From the line holding "What's up guys, this" through the line holding "Video lessons in" below, write out every line exactly; include both of those lines and drop the pictures.

* Items listed in a dataset *
%%

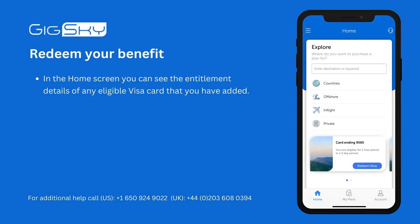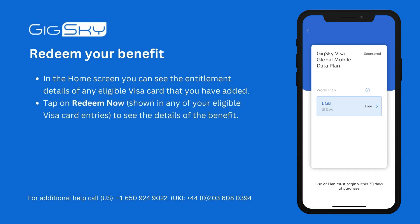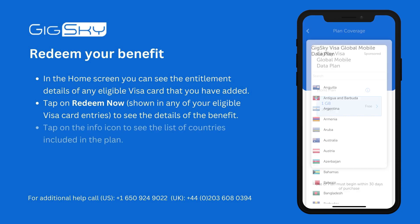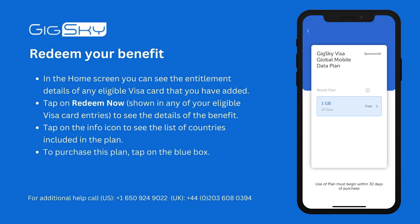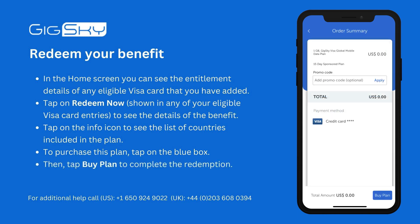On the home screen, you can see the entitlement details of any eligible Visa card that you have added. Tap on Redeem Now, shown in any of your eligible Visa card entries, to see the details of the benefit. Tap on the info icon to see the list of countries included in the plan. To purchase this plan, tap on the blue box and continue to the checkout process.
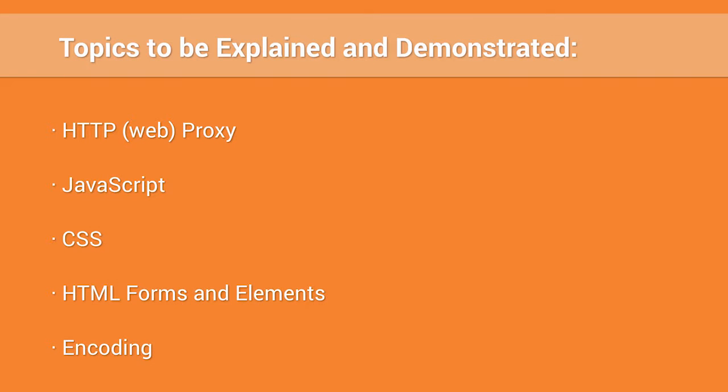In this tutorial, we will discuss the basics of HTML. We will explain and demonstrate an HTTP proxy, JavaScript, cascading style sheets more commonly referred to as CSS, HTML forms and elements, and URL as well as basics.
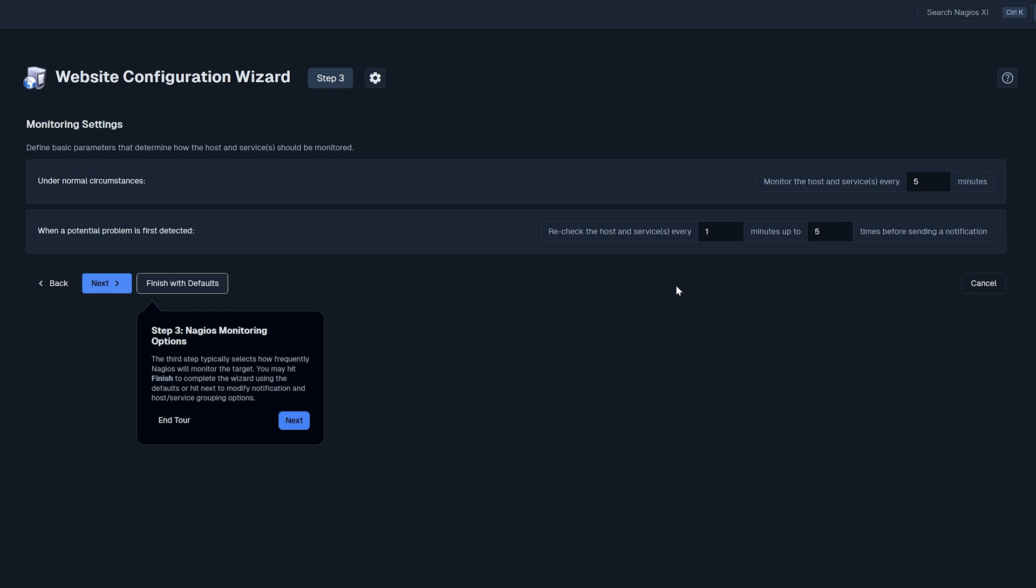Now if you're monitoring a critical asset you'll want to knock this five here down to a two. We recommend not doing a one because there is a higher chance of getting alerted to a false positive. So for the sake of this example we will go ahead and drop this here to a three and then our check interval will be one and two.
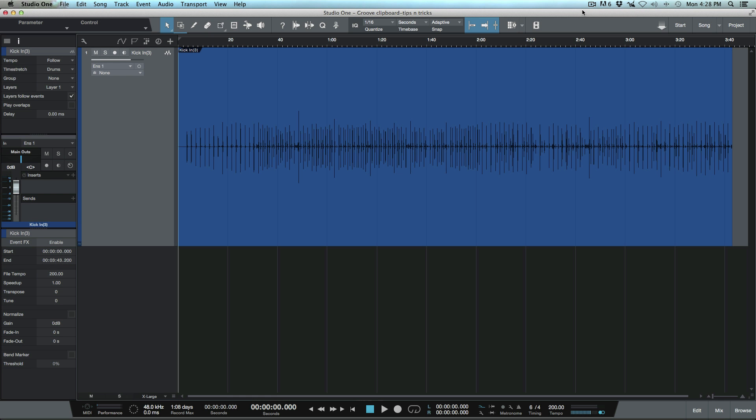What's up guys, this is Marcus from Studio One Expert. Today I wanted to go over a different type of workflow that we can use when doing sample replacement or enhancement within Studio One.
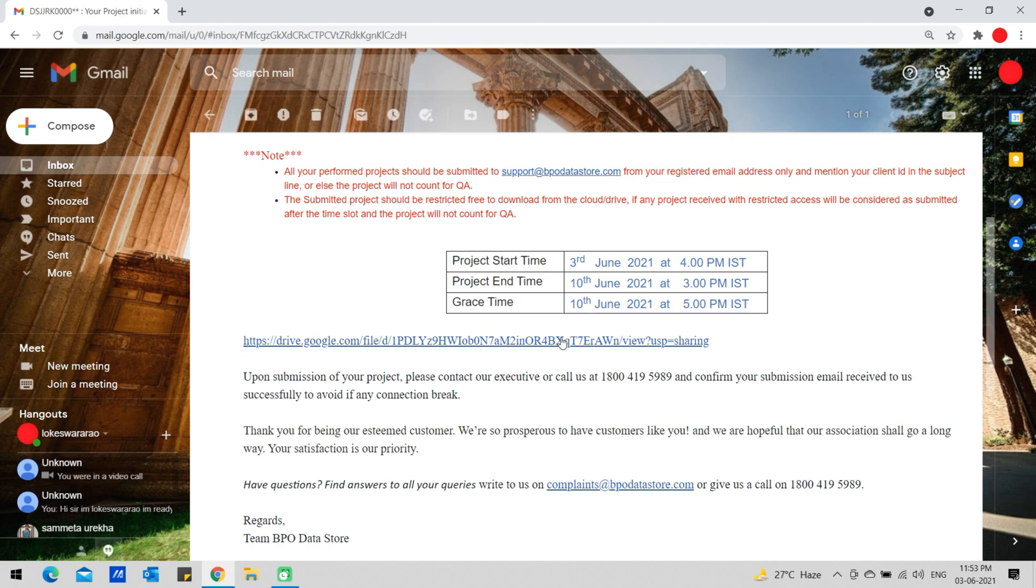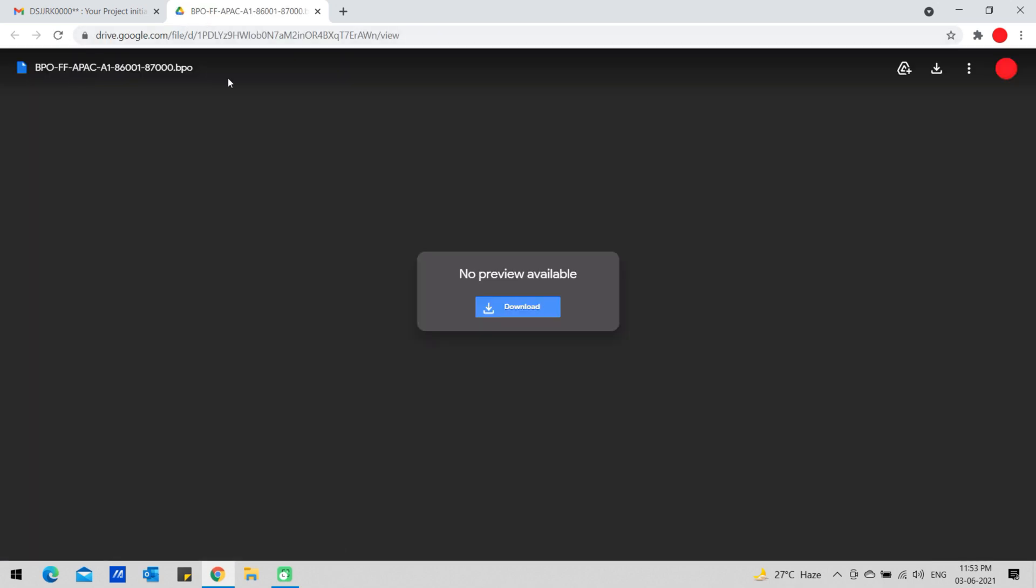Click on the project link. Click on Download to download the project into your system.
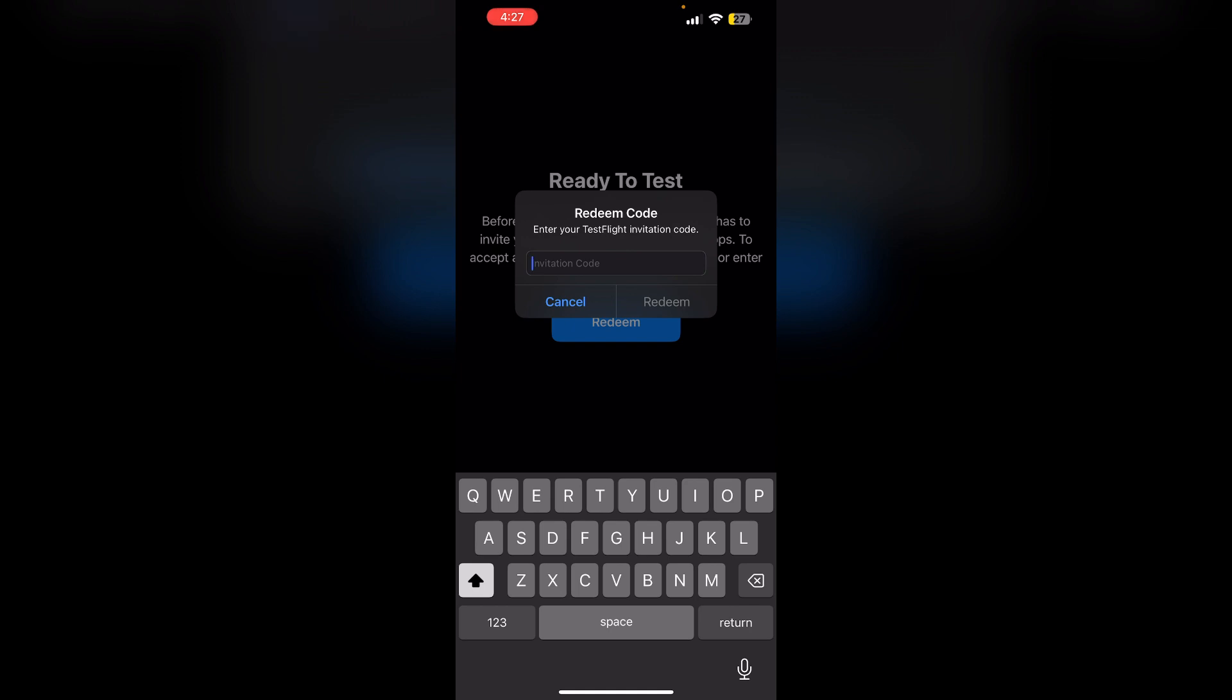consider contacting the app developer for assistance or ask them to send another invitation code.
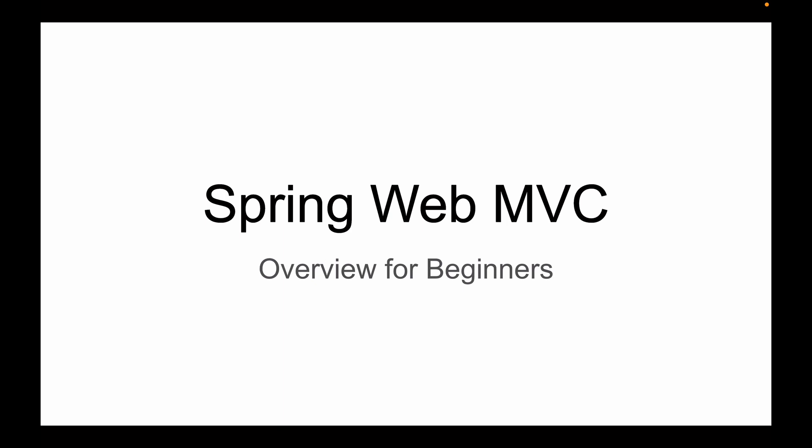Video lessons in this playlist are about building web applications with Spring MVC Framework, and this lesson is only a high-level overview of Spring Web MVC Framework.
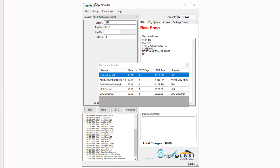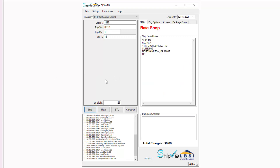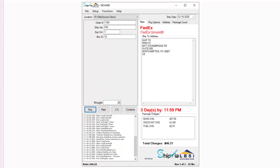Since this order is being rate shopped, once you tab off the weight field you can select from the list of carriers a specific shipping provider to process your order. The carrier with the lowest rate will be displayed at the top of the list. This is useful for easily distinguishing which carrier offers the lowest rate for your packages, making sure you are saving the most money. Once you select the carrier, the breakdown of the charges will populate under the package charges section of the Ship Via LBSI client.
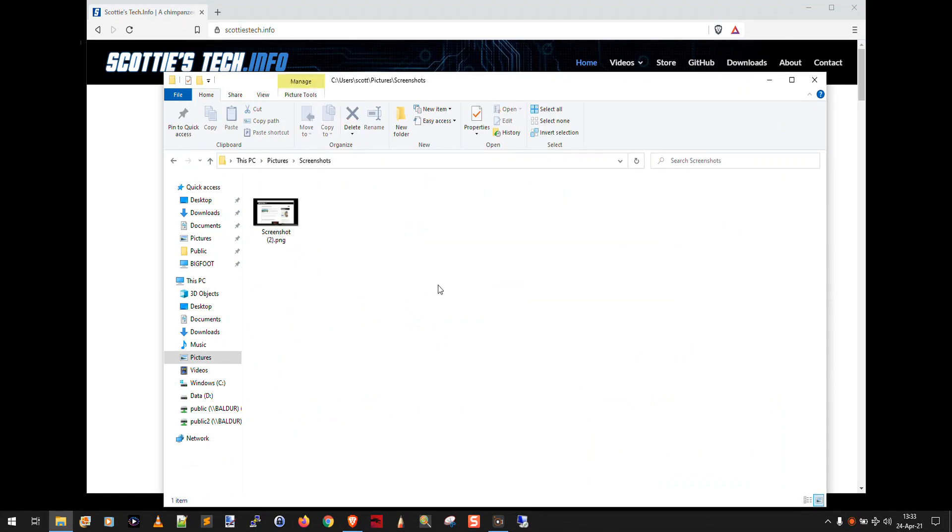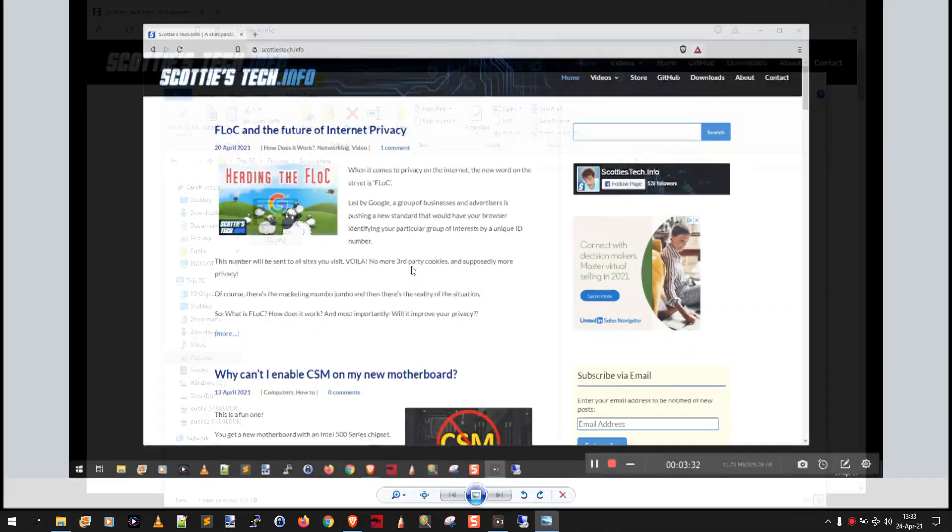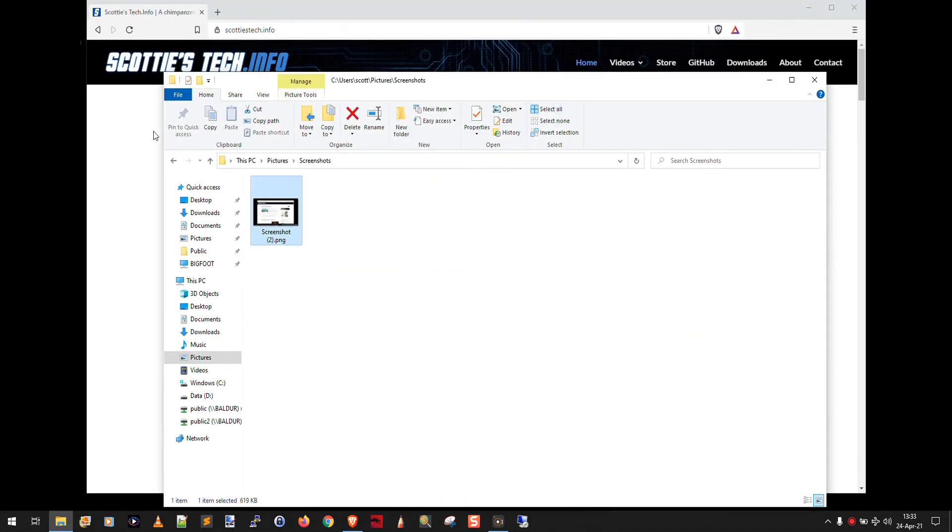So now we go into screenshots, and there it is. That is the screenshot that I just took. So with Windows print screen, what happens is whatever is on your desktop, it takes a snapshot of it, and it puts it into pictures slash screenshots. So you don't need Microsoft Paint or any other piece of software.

%%

* Response *
What's up guys, this is Marcus from Studio One Expert. Today I wanted to go over a different type of workflow that we can use when doing sample replacement or enhancement within Studio One.
Click on the project link. Click on Download to download the project into your system.
consider contacting the app developer for assistance or ask them to send another invitation code.
Video lessons in this playlist are about building web applications with Spring MVC Framework, and this lesson is only a high-level overview of Spring Web MVC Framework.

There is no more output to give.